Short text fragments from websites —
▬▬▬▬▬▬▬▬▬▬
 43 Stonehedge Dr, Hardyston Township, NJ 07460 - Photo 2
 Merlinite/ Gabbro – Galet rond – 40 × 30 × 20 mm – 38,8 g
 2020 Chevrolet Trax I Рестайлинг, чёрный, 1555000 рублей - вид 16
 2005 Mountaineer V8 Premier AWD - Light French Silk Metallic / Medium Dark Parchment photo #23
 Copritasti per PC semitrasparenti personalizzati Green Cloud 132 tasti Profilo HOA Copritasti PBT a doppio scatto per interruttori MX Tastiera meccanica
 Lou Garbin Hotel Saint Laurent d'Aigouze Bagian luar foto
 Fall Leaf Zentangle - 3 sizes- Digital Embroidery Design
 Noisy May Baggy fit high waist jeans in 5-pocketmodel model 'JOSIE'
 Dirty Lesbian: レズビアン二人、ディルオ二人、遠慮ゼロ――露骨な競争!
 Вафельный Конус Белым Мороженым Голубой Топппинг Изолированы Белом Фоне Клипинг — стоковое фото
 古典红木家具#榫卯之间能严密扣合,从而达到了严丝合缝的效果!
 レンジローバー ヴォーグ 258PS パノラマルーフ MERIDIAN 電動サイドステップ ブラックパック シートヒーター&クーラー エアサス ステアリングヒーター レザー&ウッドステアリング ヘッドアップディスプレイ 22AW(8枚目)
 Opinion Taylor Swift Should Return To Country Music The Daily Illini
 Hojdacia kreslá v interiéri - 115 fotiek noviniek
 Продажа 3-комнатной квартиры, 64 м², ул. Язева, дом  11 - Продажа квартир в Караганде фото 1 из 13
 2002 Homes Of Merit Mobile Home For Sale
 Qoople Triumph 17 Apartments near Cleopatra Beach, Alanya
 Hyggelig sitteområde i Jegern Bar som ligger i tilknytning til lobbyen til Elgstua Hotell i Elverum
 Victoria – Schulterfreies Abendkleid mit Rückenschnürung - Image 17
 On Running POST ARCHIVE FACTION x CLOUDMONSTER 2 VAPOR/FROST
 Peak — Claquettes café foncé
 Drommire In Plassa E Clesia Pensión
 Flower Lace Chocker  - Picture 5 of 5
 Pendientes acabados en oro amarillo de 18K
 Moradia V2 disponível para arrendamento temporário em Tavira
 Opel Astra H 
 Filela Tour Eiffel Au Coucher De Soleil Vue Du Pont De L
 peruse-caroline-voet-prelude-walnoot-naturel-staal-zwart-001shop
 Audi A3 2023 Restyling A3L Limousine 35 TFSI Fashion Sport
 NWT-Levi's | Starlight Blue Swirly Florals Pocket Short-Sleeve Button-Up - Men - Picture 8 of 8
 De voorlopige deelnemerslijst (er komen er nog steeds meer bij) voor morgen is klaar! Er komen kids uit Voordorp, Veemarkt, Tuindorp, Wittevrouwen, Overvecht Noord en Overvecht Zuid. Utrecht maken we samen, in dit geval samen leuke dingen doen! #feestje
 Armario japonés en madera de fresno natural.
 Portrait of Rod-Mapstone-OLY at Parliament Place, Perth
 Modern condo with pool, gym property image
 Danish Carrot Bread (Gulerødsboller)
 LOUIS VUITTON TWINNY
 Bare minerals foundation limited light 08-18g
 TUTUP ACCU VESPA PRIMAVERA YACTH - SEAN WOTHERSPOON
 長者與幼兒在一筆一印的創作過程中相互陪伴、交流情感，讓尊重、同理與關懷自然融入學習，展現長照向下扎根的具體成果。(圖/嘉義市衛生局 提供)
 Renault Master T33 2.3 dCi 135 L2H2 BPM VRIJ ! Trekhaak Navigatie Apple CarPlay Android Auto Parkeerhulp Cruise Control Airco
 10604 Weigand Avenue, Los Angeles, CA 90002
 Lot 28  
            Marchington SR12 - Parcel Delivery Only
▬▬▬▬▬▬▬▬▬▬
Try it — The records shown earlier should all be returned verbatim.

Exercise solution —
 43 Stonehedge Dr, Hardyston Township, NJ 07460 - Photo 2
 Merlinite/ Gabbro – Galet rond – 40 × 30 × 20 mm – 38,8 g
 2020 Chevrolet Trax I Рестайлинг, чёрный, 1555000 рублей - вид 16
 2005 Mountaineer V8 Premier AWD - Light French Silk Metallic / Medium Dark Parchment photo #23
 Copritasti per PC semitrasparenti personalizzati Green Cloud 132 tasti Profilo HOA Copritasti PBT a doppio scatto per interruttori MX Tastiera meccanica
 Lou Garbin Hotel Saint Laurent d'Aigouze Bagian luar foto
 Fall Leaf Zentangle - 3 sizes- Digital Embroidery Design
 Noisy May Baggy fit high waist jeans in 5-pocketmodel model 'JOSIE'
 Dirty Lesbian: レズビアン二人、ディルオ二人、遠慮ゼロ――露骨な競争!
 Вафельный Конус Белым Мороженым Голубой Топппинг Изолированы Белом Фоне Клипинг — стоковое фото
 古典红木家具#榫卯之间能严密扣合,从而达到了严丝合缝的效果!
 レンジローバー ヴォーグ 258PS パノラマルーフ MERIDIAN 電動サイドステップ ブラックパック シートヒーター&クーラー エアサス ステアリングヒーター レザー&ウッドステアリング ヘッドアップディスプレイ 22AW(8枚目)
 Opinion Taylor Swift Should Return To Country Music The Daily Illini
 Hojdacia kreslá v interiéri - 115 fotiek noviniek
 Продажа 3-комнатной квартиры, 64 м², ул. Язева, дом  11 - Продажа квартир в Караганде фото 1 из 13
 2002 Homes Of Merit Mobile Home For Sale
 Qoople Triumph 17 Apartments near Cleopatra Beach, Alanya
 Hyggelig sitteområde i Jegern Bar som ligger i tilknytning til lobbyen til Elgstua Hotell i Elverum
 Victoria – Schulterfreies Abendkleid mit Rückenschnürung - Image 17
 On Running POST ARCHIVE FACTION x CLOUDMONSTER 2 VAPOR/FROST
 Peak — Claquettes café foncé
 Drommire In Plassa E Clesia Pensión
 Flower Lace Chocker  - Picture 5 of 5
 Pendientes acabados en oro amarillo de 18K
 Moradia V2 disponível para arrendamento temporário em Tavira
 Opel Astra H 
 Filela Tour Eiffel Au Coucher De Soleil Vue Du Pont De L
 peruse-caroline-voet-prelude-walnoot-naturel-staal-zwart-001shop
 Audi A3 2023 Restyling A3L Limousine 35 TFSI Fashion Sport
 NWT-Levi's | Starlight Blue Swirly Florals Pocket Short-Sleeve Button-Up - Men - Picture 8 of 8
 De voorlopige deelnemerslijst (er komen er nog steeds meer bij) voor morgen is klaar! Er komen kids uit Voordorp, Veemarkt, Tuindorp, Wittevrouwen, Overvecht Noord en Overvecht Zuid. Utrecht maken we samen, in dit geval samen leuke dingen doen! #feestje
 Armario japonés en madera de fresno natural.
 Portrait of Rod-Mapstone-OLY at Parliament Place, Perth
 Modern condo with pool, gym property image
 Danish Carrot Bread (Gulerødsboller)
 LOUIS VUITTON TWINNY
 Bare minerals foundation limited light 08-18g
 TUTUP ACCU VESPA PRIMAVERA YACTH - SEAN WOTHERSPOON
 長者與幼兒在一筆一印的創作過程中相互陪伴、交流情感，讓尊重、同理與關懷自然融入學習，展現長照向下扎根的具體成果。(圖/嘉義市衛生局 提供)
 Renault Master T33 2.3 dCi 135 L2H2 BPM VRIJ ! Trekhaak Navigatie Apple CarPlay Android Auto Parkeerhulp Cruise Control Airco
 10604 Weigand Avenue, Los Angeles, CA 90002
 Lot 28  
            Marchington SR12 - Parcel Delivery Only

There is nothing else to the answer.